Problem to work on:
For this exercise, reproduce the entries below exactly, but only from the line containing "Amazing Carousel Enterprise 1.7" through the line containing "2017 Nissan Titan", both included.

Recorded information:

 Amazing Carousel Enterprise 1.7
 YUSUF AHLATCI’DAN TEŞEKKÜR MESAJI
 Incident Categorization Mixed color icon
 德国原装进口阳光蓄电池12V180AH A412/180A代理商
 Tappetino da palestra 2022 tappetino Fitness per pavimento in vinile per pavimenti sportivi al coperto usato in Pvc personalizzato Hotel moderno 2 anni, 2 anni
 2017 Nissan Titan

...

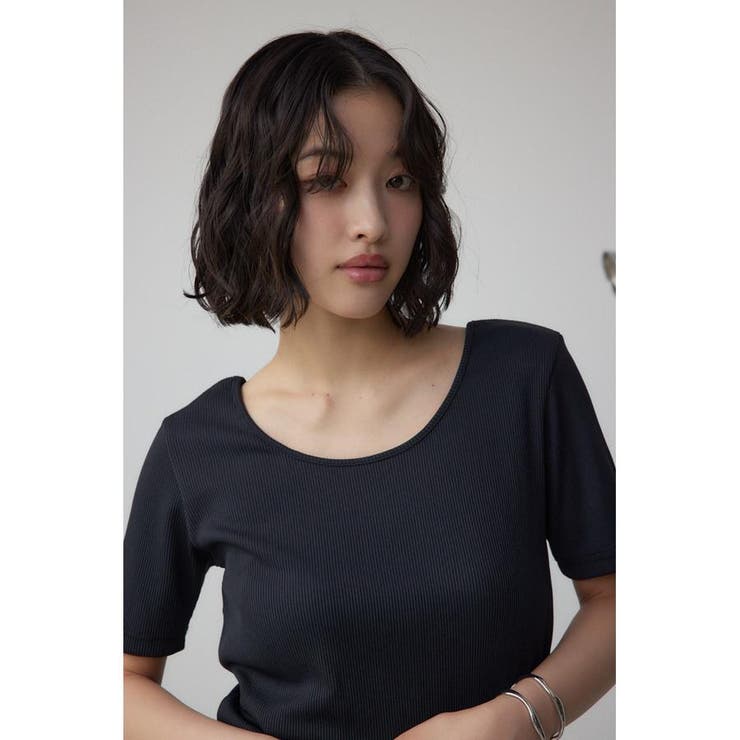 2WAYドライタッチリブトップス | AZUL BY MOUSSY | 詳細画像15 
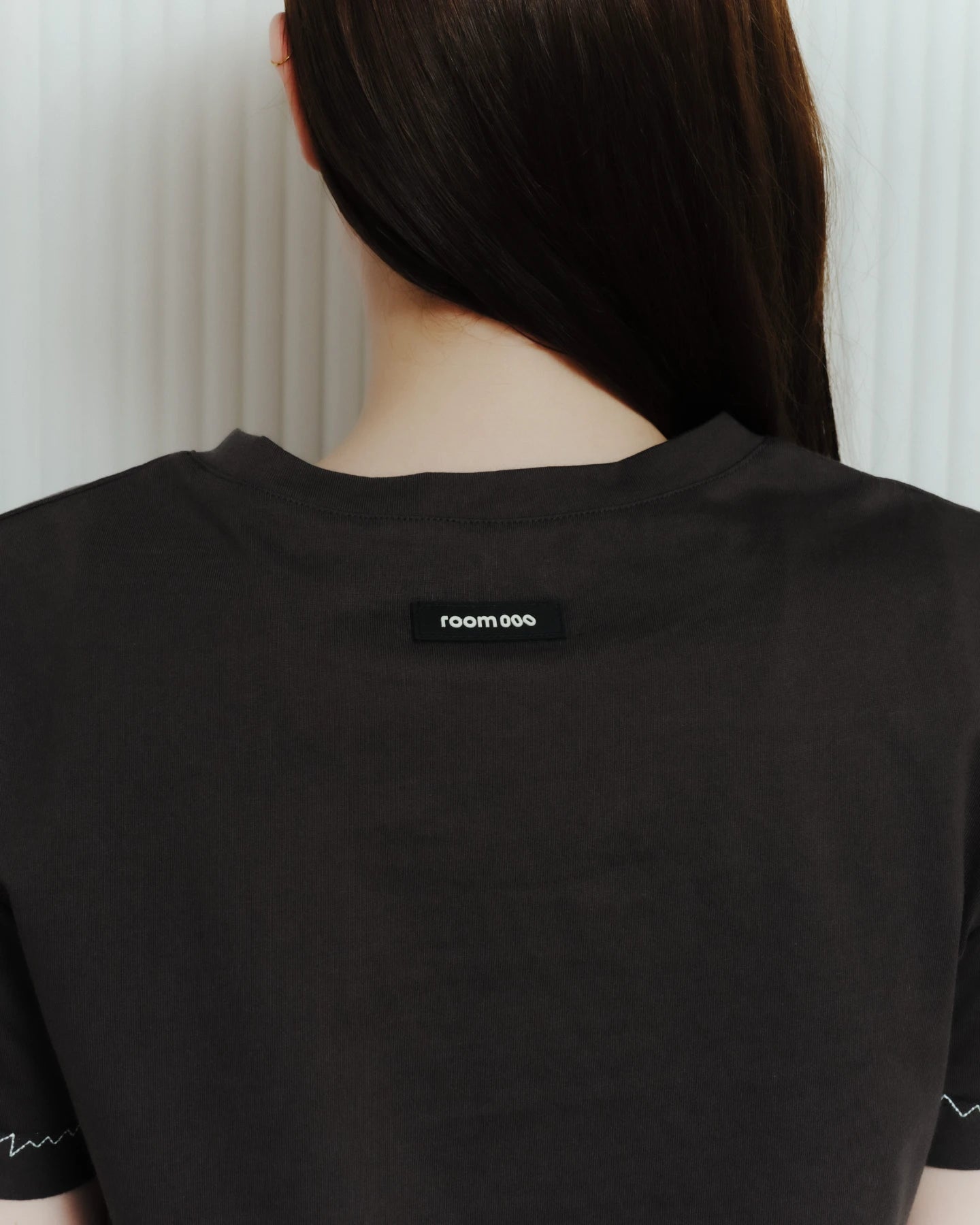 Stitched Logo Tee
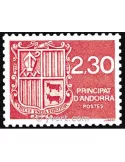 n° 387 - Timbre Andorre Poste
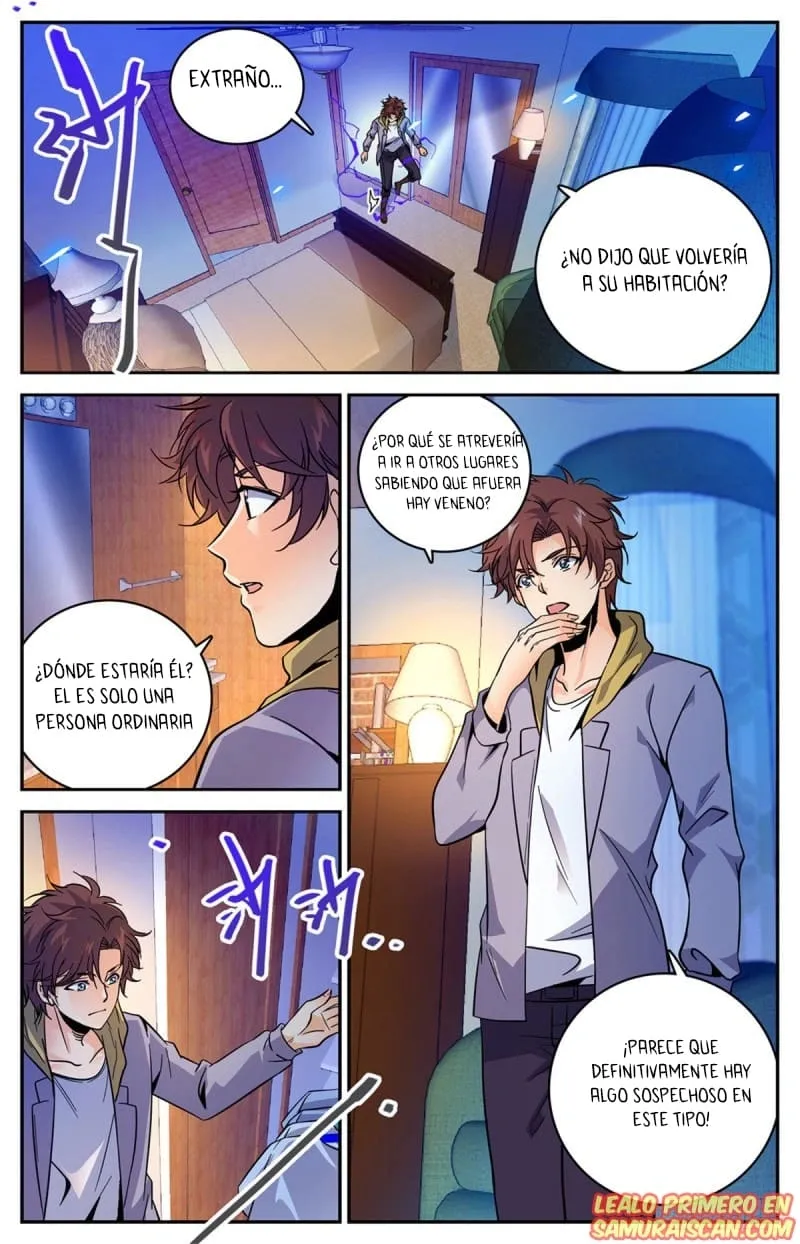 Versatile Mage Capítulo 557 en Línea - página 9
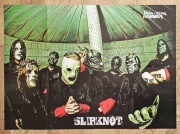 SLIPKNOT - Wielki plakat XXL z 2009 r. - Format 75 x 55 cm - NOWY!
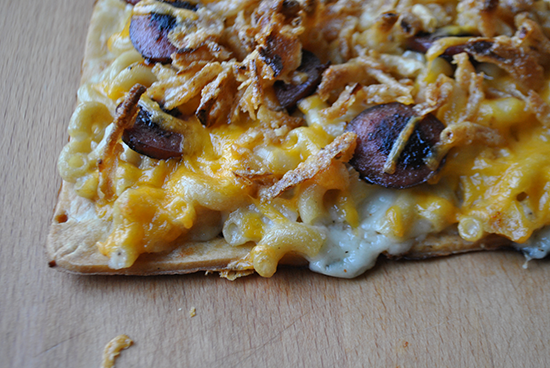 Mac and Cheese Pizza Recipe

Answer to the exercise:
 Amazing Carousel Enterprise 1.7
 YUSUF AHLATCI’DAN TEŞEKKÜR MESAJI
 Incident Categorization Mixed color icon
 德国原装进口阳光蓄电池12V180AH A412/180A代理商
 Tappetino da palestra 2022 tappetino Fitness per pavimento in vinile per pavimenti sportivi al coperto usato in Pvc personalizzato Hotel moderno 2 anni, 2 anni
 2017 Nissan Titan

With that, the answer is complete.